The data below contains pictures, which are to be skipped; the lines starting at the line with "ध्वजारोहण के बाद" and ending at the line with "Genesis G90 id 4966998 из Кореи 19" are to be output exactly, both ends included.

■ Dataset records ■
______

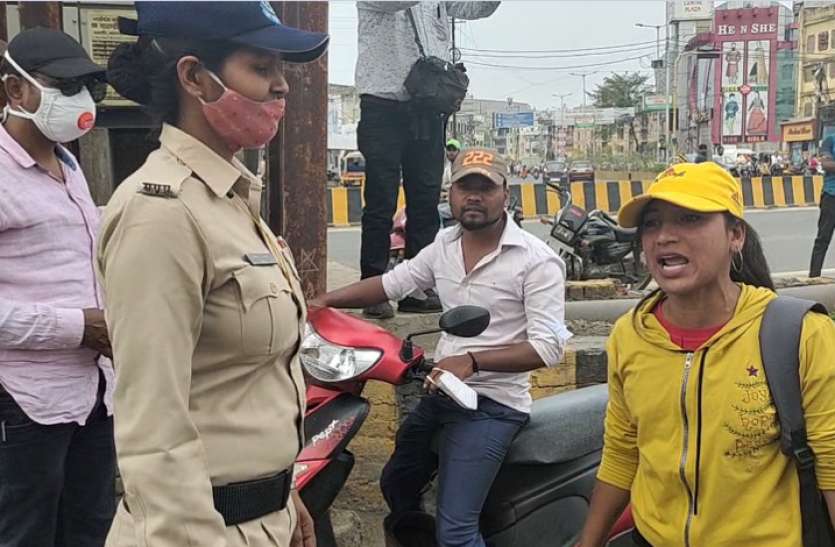 young girl video viral लडक़ी को मास्क न पहनने पर रोका, तो पुलिस पर बरस पड़ी, कैमरे में कैद हुई पूरी घटना- देखें वीडियो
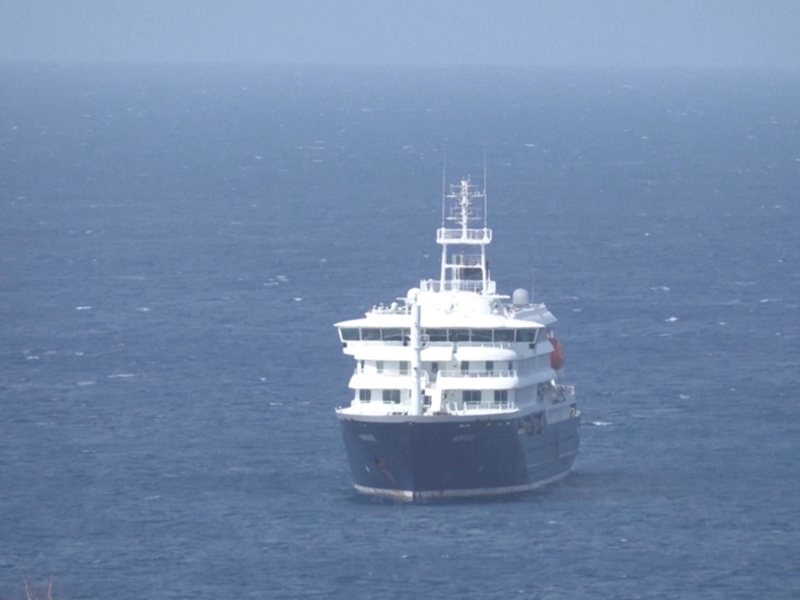Greek Citizen Among Cruise Ship 'Hondius' Passengers Hit by Norovirus Outbreak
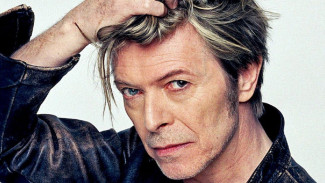 Mantan Gitaris David Bowie Meninggal Dunia karena Virus Corona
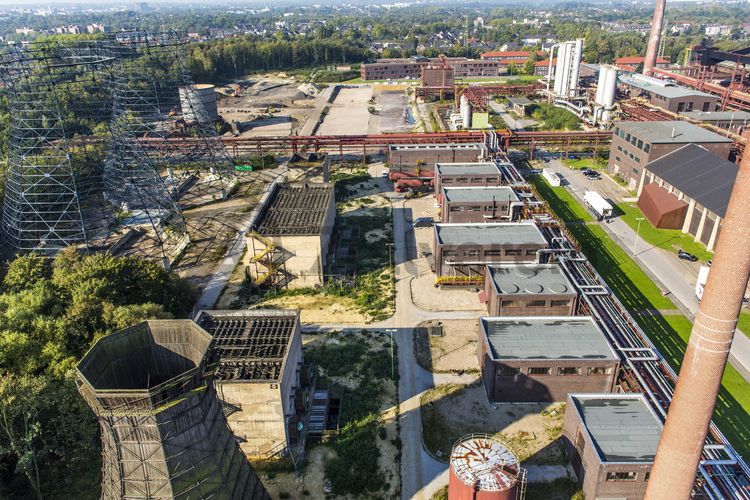 Die Kokerei Zollverein wurde von 1957 bis 1961 nach Plänen des Architekten Fritz Schupp gebaut, nach Erweiterungsarbeiten war sie ab 1973 die größte Zentralkokerei Europas. Täglich waren bis zu 1.000 Koker rund um die Uhr im Einsatz, bis zu 8.600 Tonnen Koks wurden pro Tag produziert. 1993 wurde die Kokerei stillgelegt, im Jahr 2000 in die Denkmalliste der Stadt Essen aufgenommen, seit 2001 gehört sie zum UNESCO-Welterbe. 2010 ist die Kokerei in den Besitz der Stiftung Zollverein übergegangen. Die „schwarze Seite“ der Kokerei, die den Bereich der Koksproduktion bezeichnet, kann bei einer Führung durch den Denkmalpfad ZOLLVEREIN® besichtigt werden.

Areal C [Kokerei]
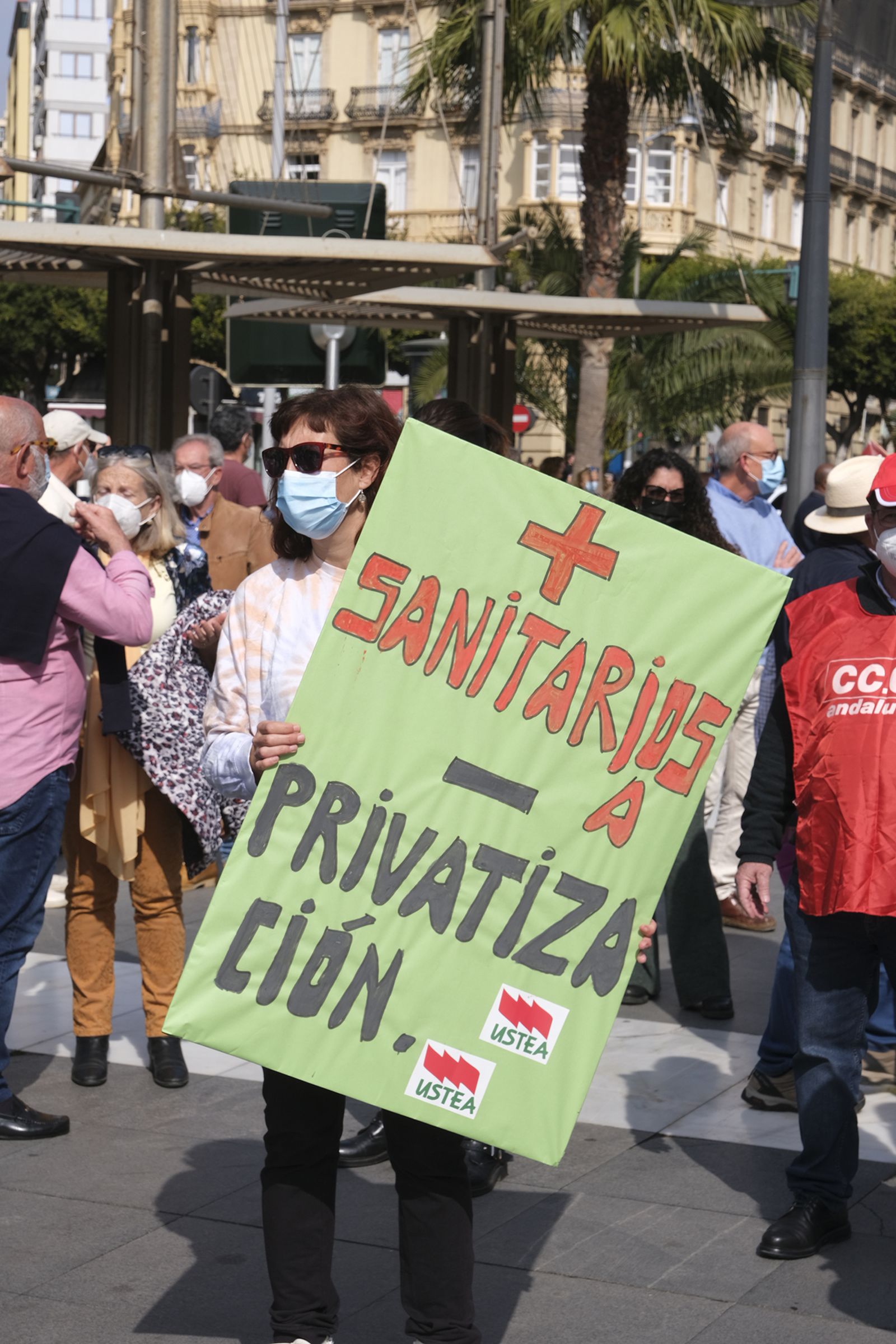Imágenes de la manifestación a favor de la sanidad pública en Almería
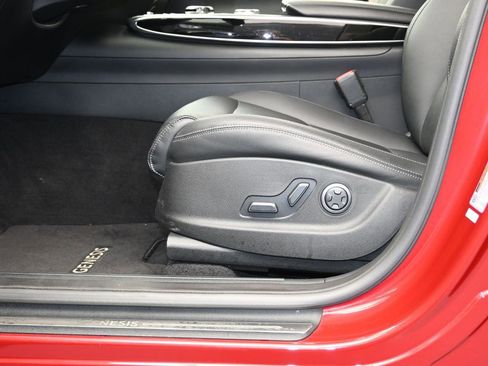 Used 2025 Genesis GV70 2.5T image 22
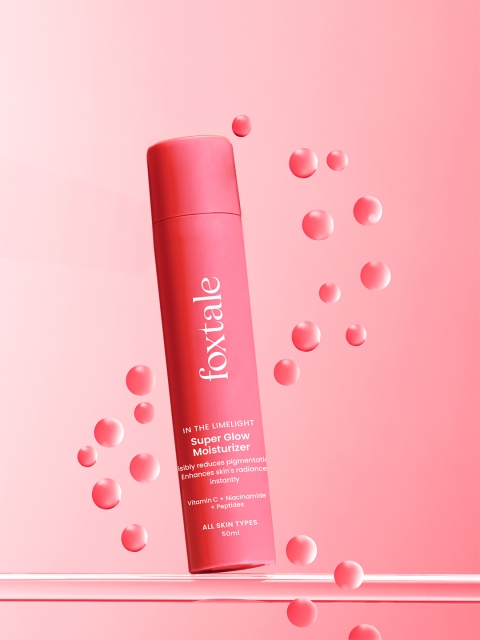 Foxtale Vitamin C Super Glow Moisturiser with Niacinamide & Peptides - 50ml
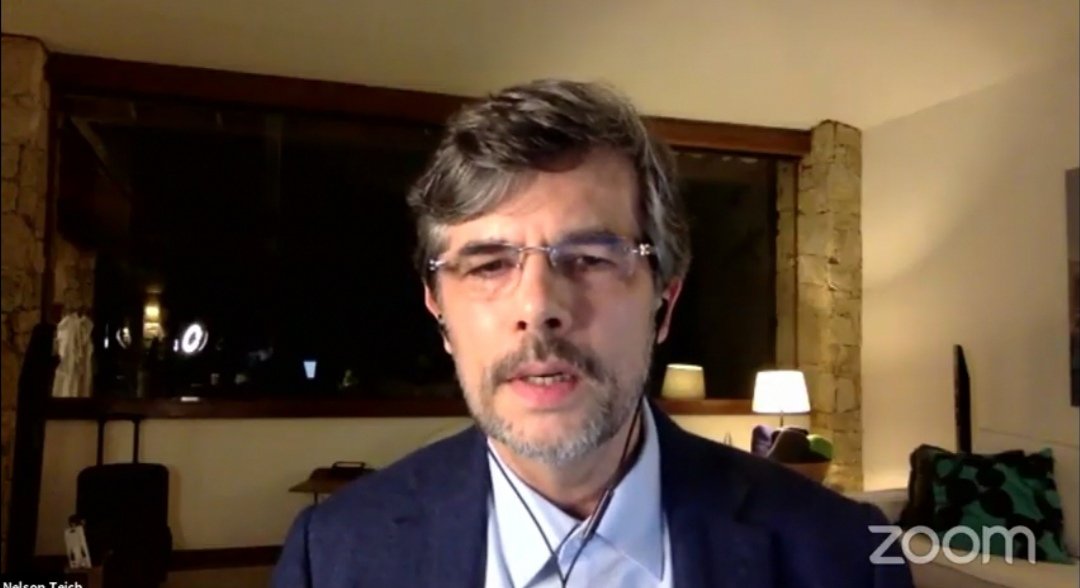 Nelson Teich, exministro da Saúde, aparece 'bonitão e saudável' e viraliza
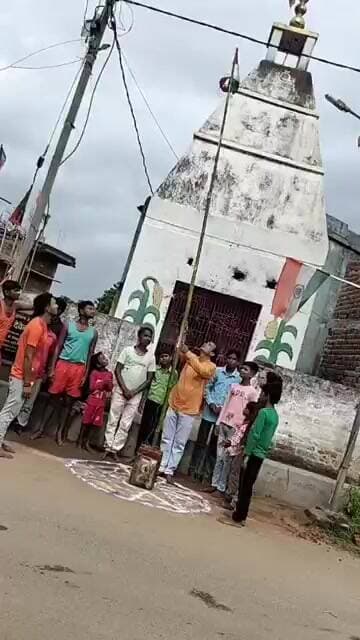 ध्वजारोहण के बाद पहले जयकारे, राष्ट्रगान कहाँ? भाजपा जिला महामंत्री के कार्यक्रम पर सवाल#viral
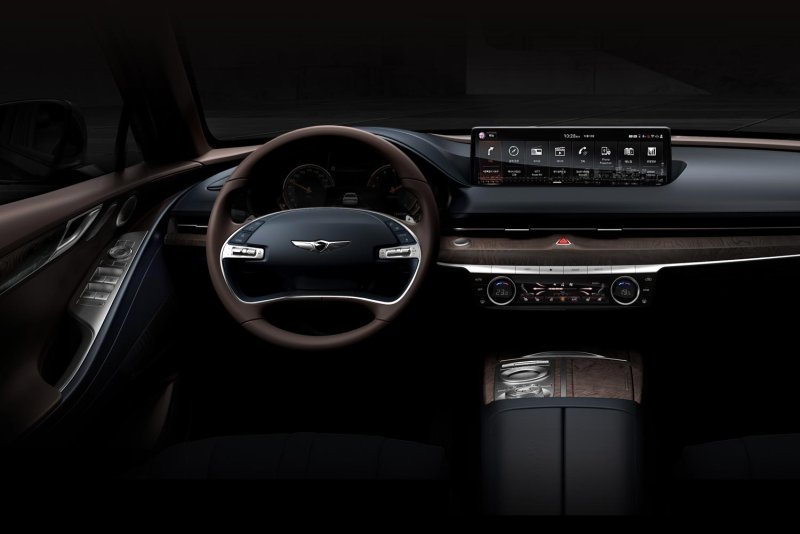 Новый седан Genesis g80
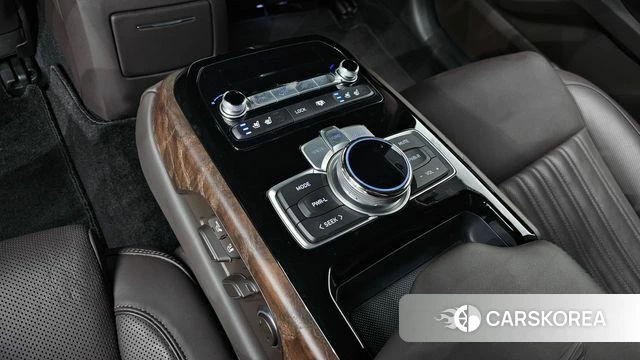 Genesis G90 id 4966998 из Кореи 19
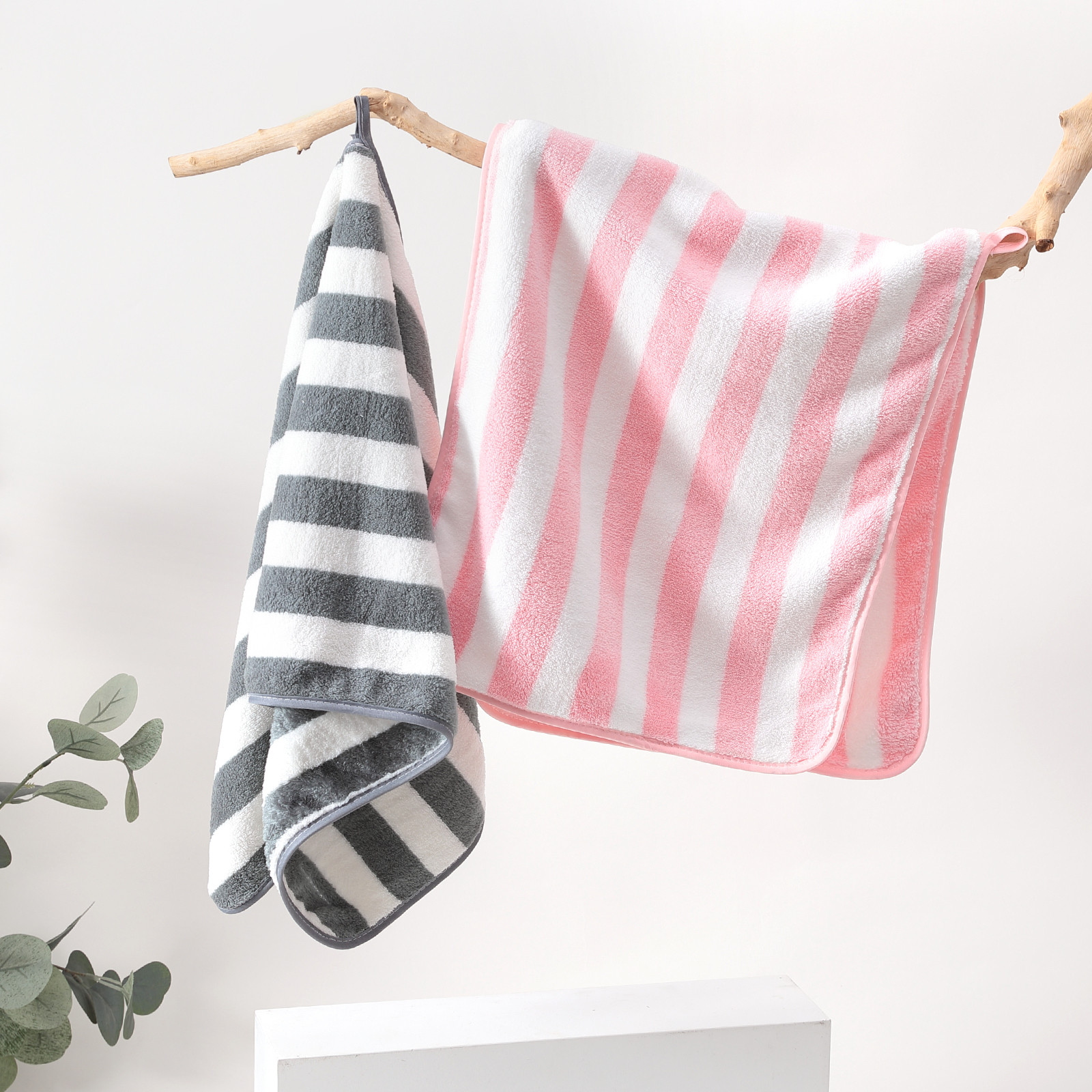 Kuber Industries 2 Piece Hand Towel Set|280 GSM|Gtm & Workout Towels|Super Absorbent & Antibacterial Treatment|Small Size, Travel Friendly  (Grey & Pink)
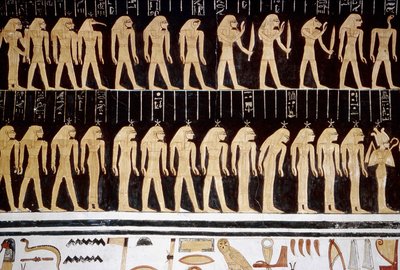 Luxor, Theben: Kongenes dal, tegning av gud og gudinne på den indre veggen i et tempel. av School Egyptian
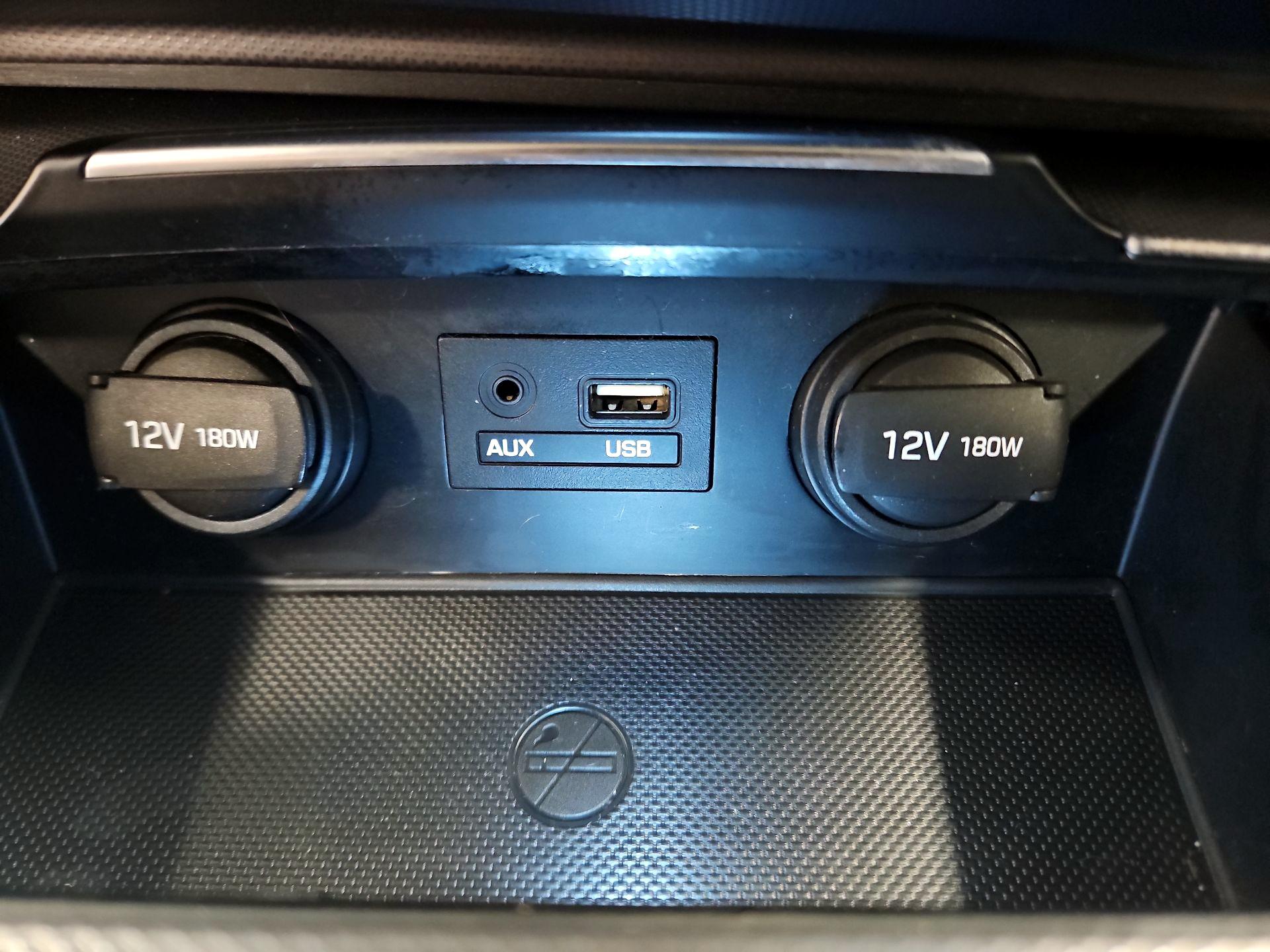 Thumbnail: 2015 Hyundai Genesis - 19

______

■ Exercise response ■
 ध्वजारोहण के बाद पहले जयकारे, राष्ट्रगान कहाँ? भाजपा जिला महामंत्री के कार्यक्रम पर सवाल#viral
 Новый седан Genesis g80
 Genesis G90 id 4966998 из Кореи 19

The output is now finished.